Infatti, è stata così sostanzialmente confermata, nella parte più rilevante, quella relativa alla catena di comando, la sentenza emessa dalla Corte d’Appello di Genova il 18 maggio del 2010.
I “condannati” definitivamente dalla Cassazione hanno firmato i verbali falsi che “giustificavano” le aggressioni e la repressione accusando le vittime di aver opposto resistenza accoltellando un agente e nascondendo molotov. Feccia. Ora, certo, va esercitato il diritto al risarcimento contro il quale si era battuta l’Avvocatura dello Stato. La Suprema Corte, invece, ha dichiarato prescritte le condanne a tre anni di reclusione (comunque coperti dal condono) per otto caposquadra del settimo reparto della celere di Roma, accusati di lesioni.
C'è un'ambivalenza: mentitori prezzolati si, servi del potere si, ma non riconosciuti giudiziariamente autori di violenze poiché sono prescritti i reati.

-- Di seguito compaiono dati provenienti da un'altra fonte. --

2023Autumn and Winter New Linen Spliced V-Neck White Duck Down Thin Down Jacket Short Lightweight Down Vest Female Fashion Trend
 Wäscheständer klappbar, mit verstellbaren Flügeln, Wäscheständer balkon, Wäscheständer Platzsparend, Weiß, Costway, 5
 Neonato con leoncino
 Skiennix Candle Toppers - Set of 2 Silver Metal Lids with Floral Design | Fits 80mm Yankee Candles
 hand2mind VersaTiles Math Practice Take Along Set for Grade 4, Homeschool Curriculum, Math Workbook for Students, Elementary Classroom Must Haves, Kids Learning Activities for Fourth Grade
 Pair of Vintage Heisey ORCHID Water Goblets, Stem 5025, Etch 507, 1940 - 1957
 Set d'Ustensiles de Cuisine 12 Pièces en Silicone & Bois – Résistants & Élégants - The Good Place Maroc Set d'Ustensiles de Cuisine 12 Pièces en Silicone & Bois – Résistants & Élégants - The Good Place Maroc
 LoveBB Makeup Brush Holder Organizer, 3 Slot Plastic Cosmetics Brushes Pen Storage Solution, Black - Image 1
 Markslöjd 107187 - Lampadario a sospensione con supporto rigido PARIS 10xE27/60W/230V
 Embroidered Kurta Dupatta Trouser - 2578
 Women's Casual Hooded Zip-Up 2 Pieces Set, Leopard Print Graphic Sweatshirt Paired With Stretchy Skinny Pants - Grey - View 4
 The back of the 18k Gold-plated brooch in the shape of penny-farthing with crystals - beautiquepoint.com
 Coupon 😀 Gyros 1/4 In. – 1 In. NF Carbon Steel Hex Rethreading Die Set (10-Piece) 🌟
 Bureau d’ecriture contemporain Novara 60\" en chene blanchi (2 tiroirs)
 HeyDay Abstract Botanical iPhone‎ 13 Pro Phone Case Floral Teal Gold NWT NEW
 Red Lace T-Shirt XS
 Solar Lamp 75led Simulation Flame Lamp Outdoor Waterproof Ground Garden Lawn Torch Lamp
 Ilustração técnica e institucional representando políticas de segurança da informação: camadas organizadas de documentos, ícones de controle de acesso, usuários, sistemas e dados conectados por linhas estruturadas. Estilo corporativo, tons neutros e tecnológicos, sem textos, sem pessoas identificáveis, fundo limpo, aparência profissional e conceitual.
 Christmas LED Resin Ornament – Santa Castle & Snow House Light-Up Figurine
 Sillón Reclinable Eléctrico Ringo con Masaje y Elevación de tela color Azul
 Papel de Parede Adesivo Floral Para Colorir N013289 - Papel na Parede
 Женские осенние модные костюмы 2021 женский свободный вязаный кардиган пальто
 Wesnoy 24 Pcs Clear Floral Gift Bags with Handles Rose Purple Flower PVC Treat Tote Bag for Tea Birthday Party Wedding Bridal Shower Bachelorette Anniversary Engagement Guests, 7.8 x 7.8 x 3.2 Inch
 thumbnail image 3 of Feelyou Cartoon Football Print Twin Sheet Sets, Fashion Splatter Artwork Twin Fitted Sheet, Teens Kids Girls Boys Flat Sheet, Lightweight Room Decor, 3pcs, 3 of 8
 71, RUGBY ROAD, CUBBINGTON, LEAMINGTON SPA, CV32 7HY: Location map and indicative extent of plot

Pertanto, di quale giustizia si può parlare ? Di formale atto riparatorio e risarcitorio, si può dire, ma non si può affatto affermare che “giustizia” è stata fatta. Piuttosto va illustrato come lo Stato, nei suoi riti giudiziari sanzionatori, non è in grado di ripristinare quella giustizia sociale che già nella materialità delle condizioni di produzione e di vita è negata ai più. La violenza psico-fisica subita a Genova, divenuta luogo privilegiato dela progetto “Auschwitz diffusa”, e l'alterazione dei comportamenti socio-politici, indotta generazionalmente, dei giovani partecipanti a quelle giornate di protesta e lotta non trovano “riparazione” dalla tardiva sentenza poiché quanto è stato fatto dagli organi repressivi (secondo la logica: colpirne centinaia per “educarne” migliaia), è prassi funzionale all'assetto di potere vigente, prassi che non è stata debellata semplicemente “accantonando” picchiatori e torturatori. Analoghi fatti precedenti e seguenti agli eventi genovesi lo dimostrano.
Se qualcuno pensa che con delle “scuse” ai cittadini “che hanno subito danni, ma anche a quelli che, avendo fiducia nell’Istituzione-Polizia, l’hanno vista in difficoltà per qualche comportamento errato ed esigono sempre maggiore professionalità ed efficienza”, si possa salvare la faccia immaginando di mettere una pietra sopra su quanto accaduto, si sbaglia di grosso.
Le strutture dell'attuale ordine economico-sociale mondiale, per quanto forti e distruttive, sono costruzioni umane: possono e devono essere cambiate, secondo i principi di una giustizia sociale che promuova la vita libera di tutti; “finchè la violenza dello Stato sarà chiamata giustizia ...”.